Furthermore, he pointed out that video and visual–related data have been minimally captured thus far. “There’s plenty of data to go.”
The conversation around synthetic data also merits attention. Dr Tinati pointed out that organisations can leverage synthetic data in several ways.
First, when they lack sufficient real-world data to model specific scenarios—often due to consent issues or security constraints preventing certain datasets from being sent to the cloud. Second, for modelling and simulating real-world scenarios that are difficult to capture naturally such as black swan events.

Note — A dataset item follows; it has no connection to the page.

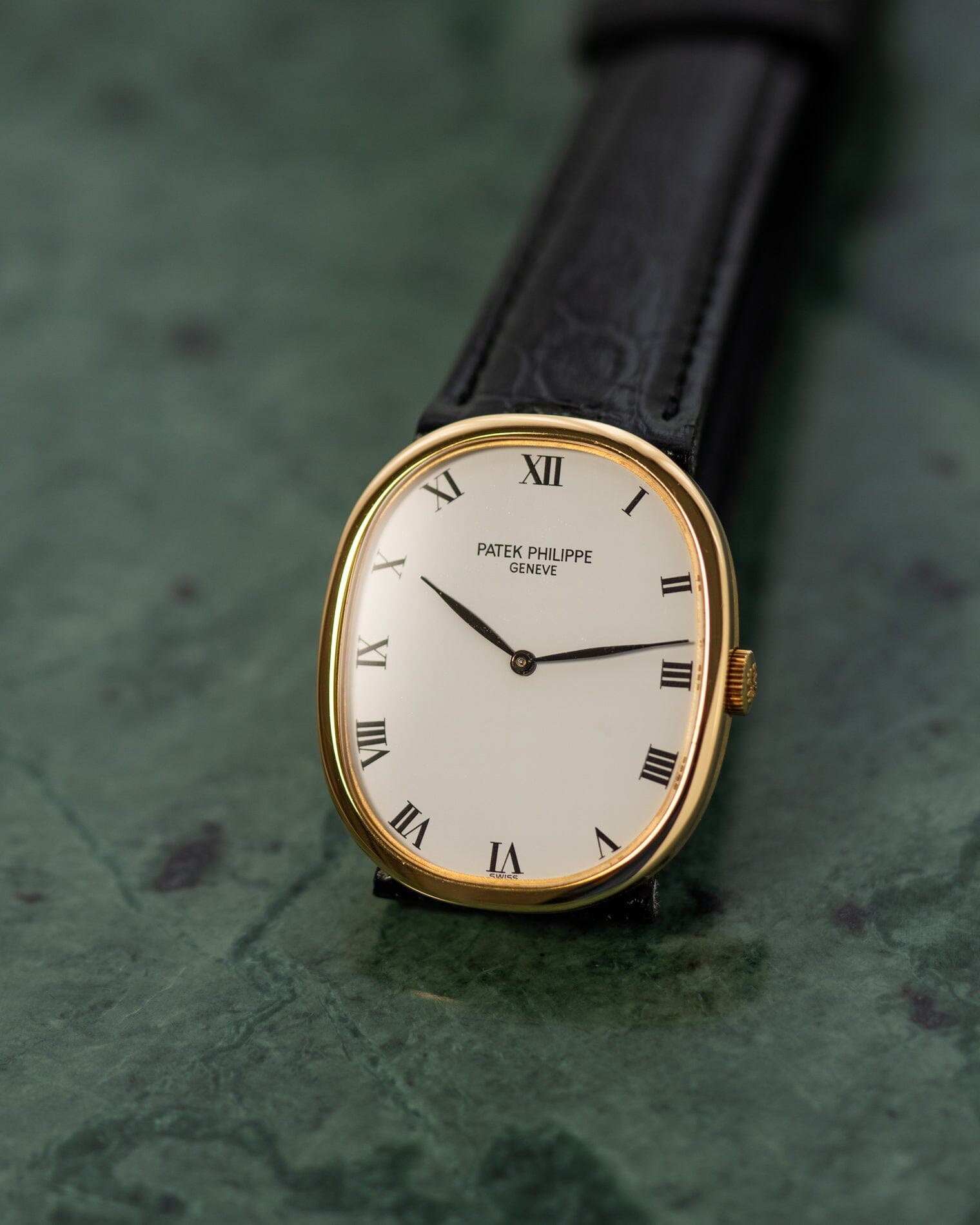 Patek Philippe ゴールデンエリプス 3848 YG ホワイトローマン Watch PATEK PHILIPPE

For instance, predicting traffic flow during an unprecedented event like sudden congestion across all roads in Singapore requires generating synthetic data to forecast potential outcomes.
“We don’t have that data because it’s never happened,” said Dr Tinati. “So, you need to generate synthetic data to look what the outcomes would be.”
Accenture’s Centre for Advanced AI in Singapore is part of its global investment and efforts investment to advance the use of AI. It will offer a range of programmes designed to develop local talent and equip enterprises with the skills and knowledge needed to build AI applications responsibly.
Dr Tinati spoke to Techgoondu on December 3 after an Accenture panel discussion featuring its CEO and chairman Julie Sweet and Minister for Digital Development and Information Josephine Teo, where they spoke about the increasing importance of AI and the role of employers supporting women returning to the workforce.
Sweet was in Singapore in conjunction with the launch of the company’s Women Of Worth initiative, which will offer 10,000 women returning to the workforce free technology courses like GenAI, design thinking and project management. The initiative is in collaboration with the Singapore Business Federation (SBF).